The sight of the buses - and the students bowling inside - caused some raised eyebrows as two taxpayers called the Democrat-Herald to raise complaints.

They questioned why Albany schools were taking students bowling at a time when schools in Oregon and the mid-valley say they do not have enough money for their basic education mission.

The students were seventh-graders from Albany's Memorial Middle School.

Randy Lary, the principal at Memorial, said the occasion was a "reward activity." The students spent part of the morning bowling as a reward for their grades, attendance and behavior during the first semester.

The students - about 110 of the 220 seventh-graders at the school - brought their own money for the bowling, $3 each, according to the principal.

To reimburse the school district for the use of the buses, the Memorial planned to spend money the students had raised during their annual magazine sale.

Russ Allen, school district business manager, said that for non-curricular activities such as this, the district charges schools $1 per mile plus $20 an hour per bus.

For three buses over two hours, the charge would come to $120, plus a few dollars for the mileage. The school district will bill the school's activities account for the amount, Allen explained.

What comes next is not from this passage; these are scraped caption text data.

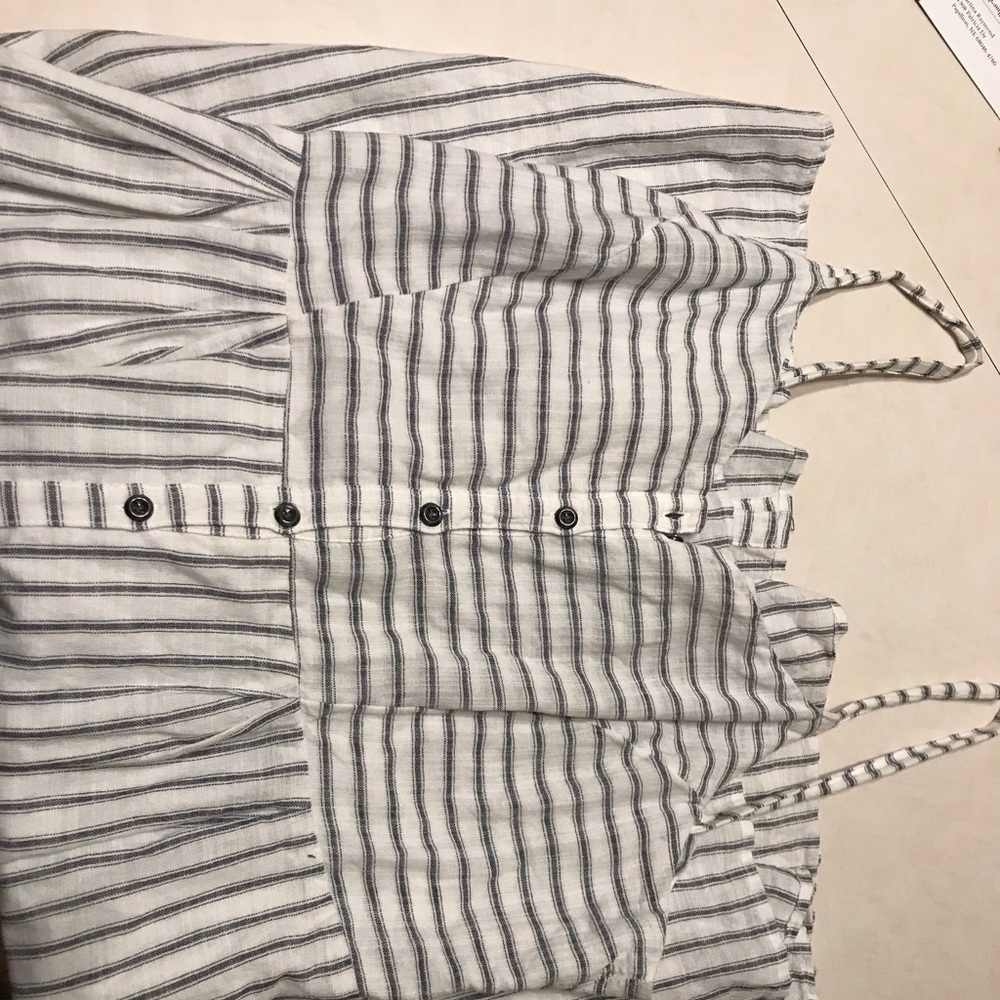 Striped Spagetti strapped dress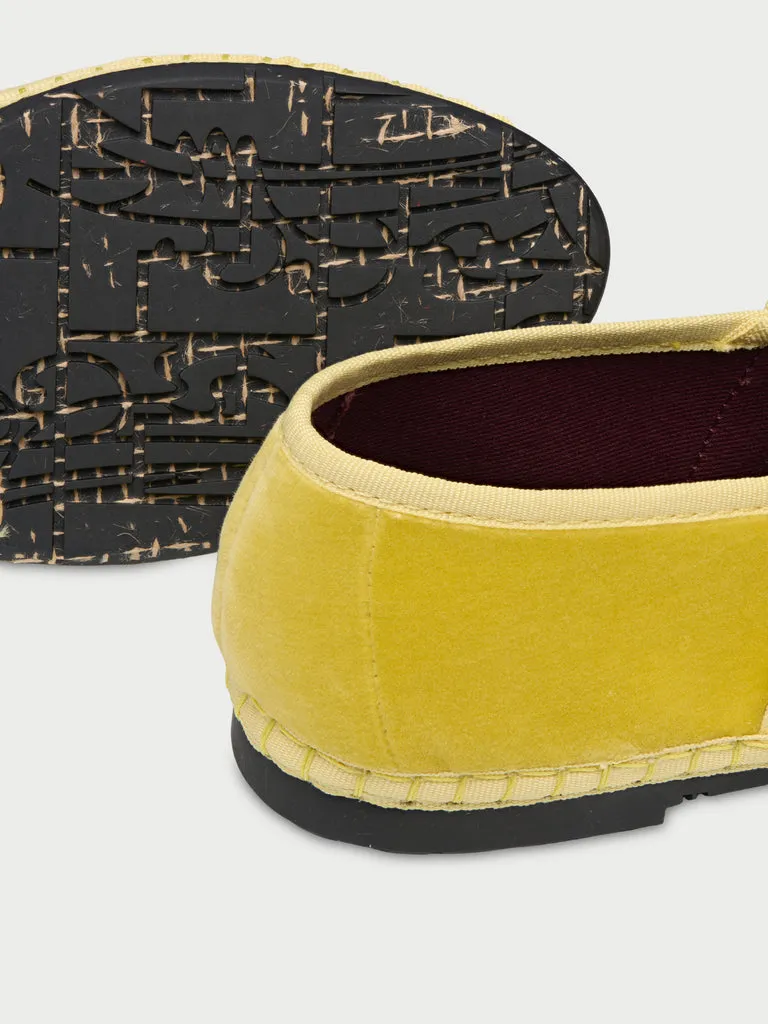 Flagelus Pierre Yellow balerini dama velur galben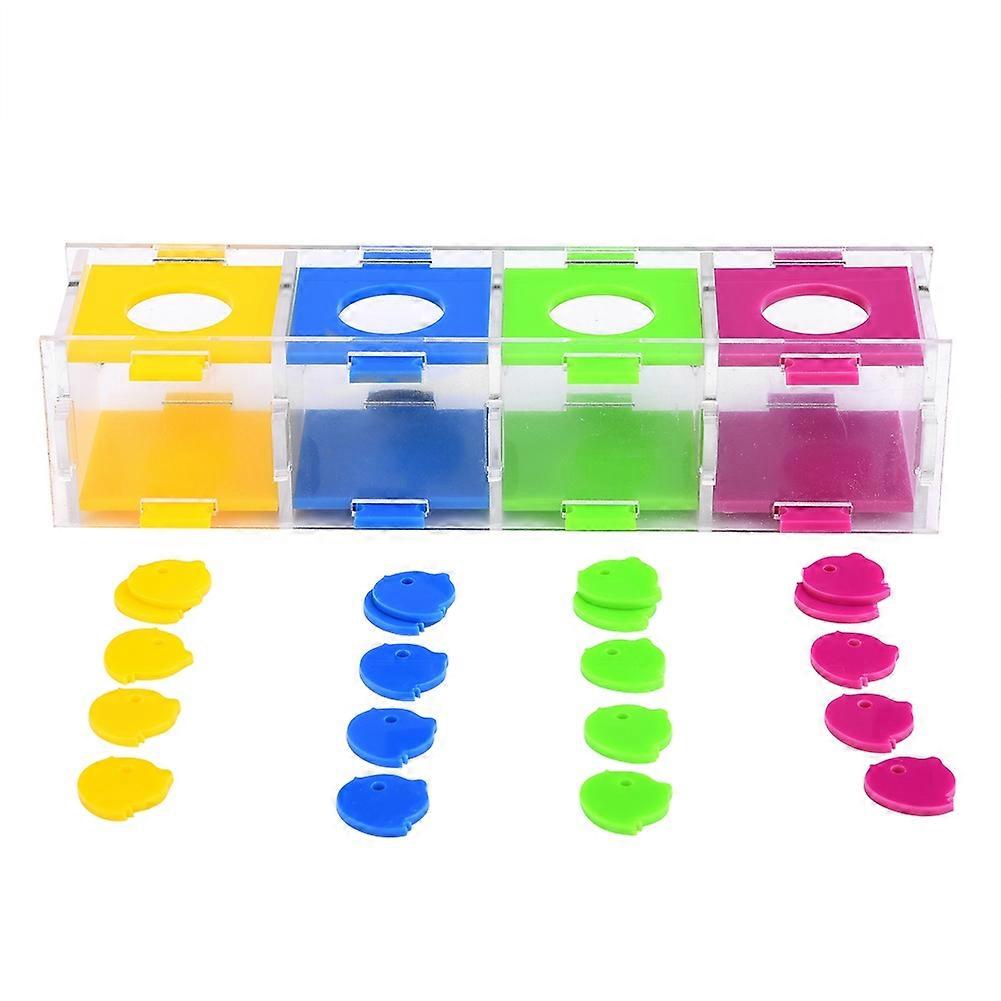 Colorful Parrot Toys Interesting Birds Intelligence Training Interactive Playing Puzzle Toy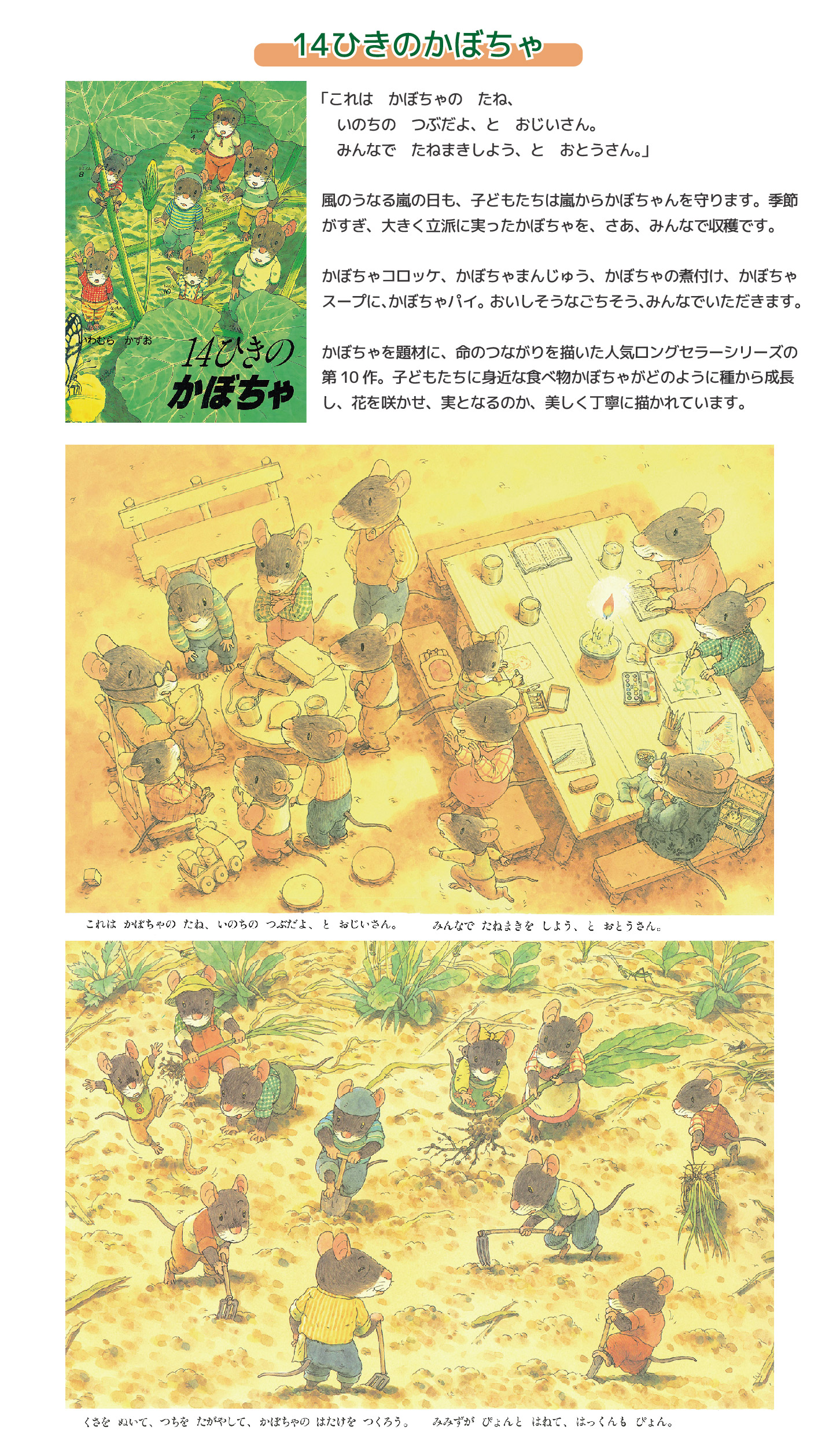 14ひきのシリーズ】14ひきのひっこし あさごはん もちつき さむいふゆ 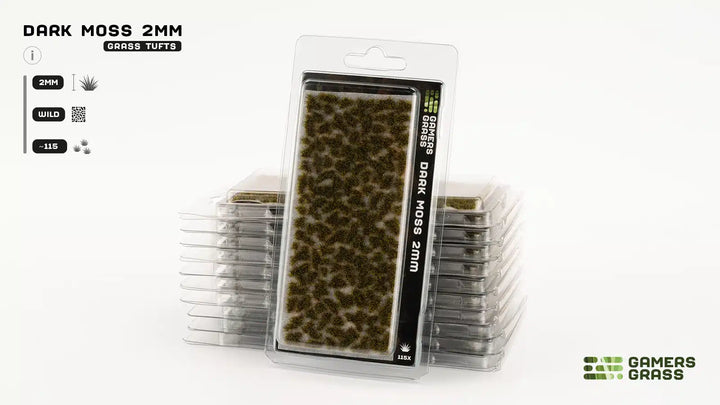 Gamers Grass - Grass Tufts - Dark Moss 2mm
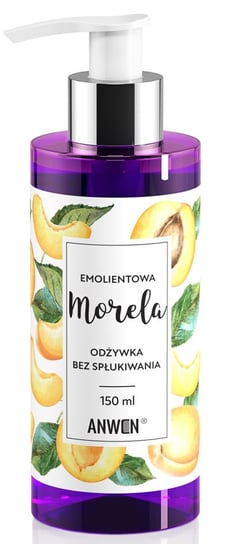 Anwen Emolientowa Morela, 150 ml, odżywka do włosów bez spłukiwania Anwen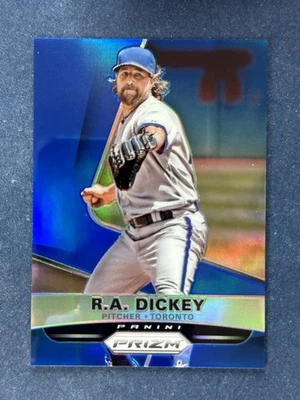 2015 Panini Prizm Blue #131 R.A. Dickey Toronto Blue Jays /75 - Image 1 of 2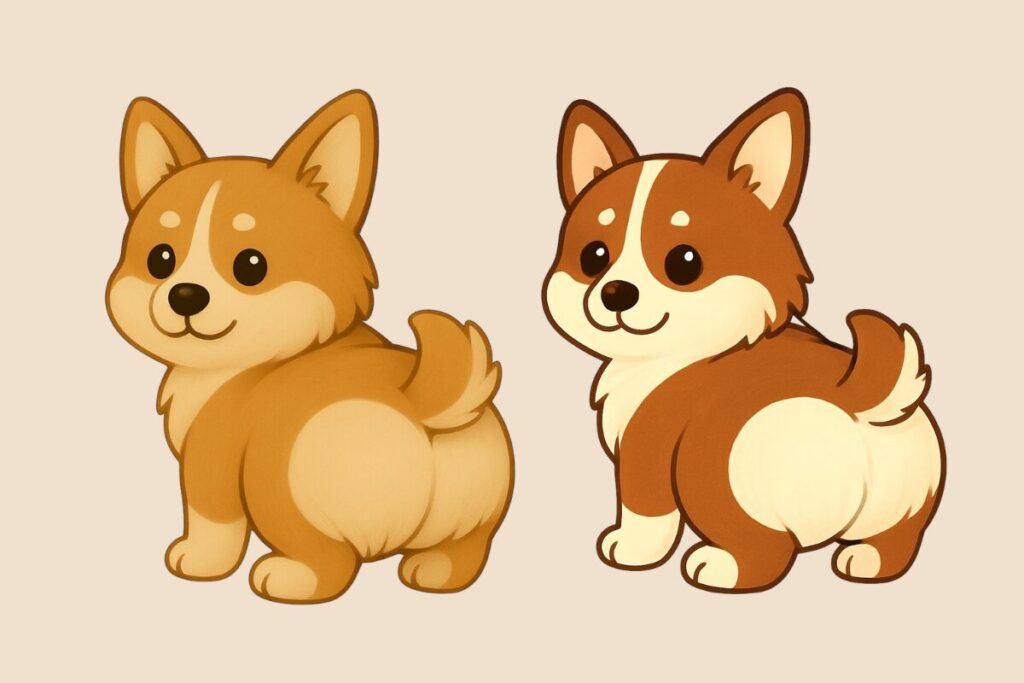 コーギーのイラスト素材/アイキャッチ画像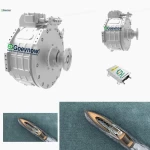 Direct drive motor with controller RDD850 ac motor conversion kit for inborad electric boat yacht ship vessel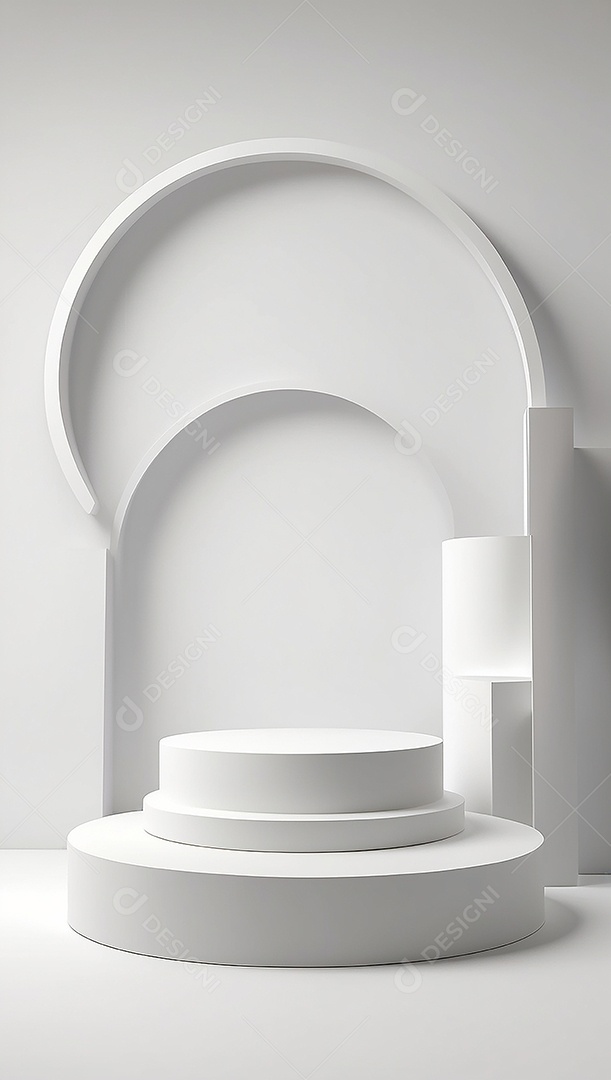 Pódio de exibição de produto branco simples difusão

While the seventh-graders were bowling Friday morning, three other school buses took about 110 Memorial eighth-graders to skate at a roller rink in Lebanon, for the same kind of reward activity.

Lary said the school used to take students to a roller rink in Albany, but it closed.

The school's annual magazine sale, which funds such activities, totaled about $24,000 in sales and netted the school $11,000, Lary estimated.

The activities are held once a semester to recognize students for their academic accomplishments and exemplary conduct, according to the principal. The school has other activities, but those are usually held in the school building.

One of the complaint calls Friday came from a business near the bowling alley on Clay Street.

The other came from Nancy Webster, an Albany mother who had noticed the buses while driving by. She assumed that taxpayer money was involved, said she was "a little irritated" and hoped school money would be used for more important things.

When she learned of the circumstances of the bowling trip as a reward for good grades, she said: "That brings my blood pressure down considerably."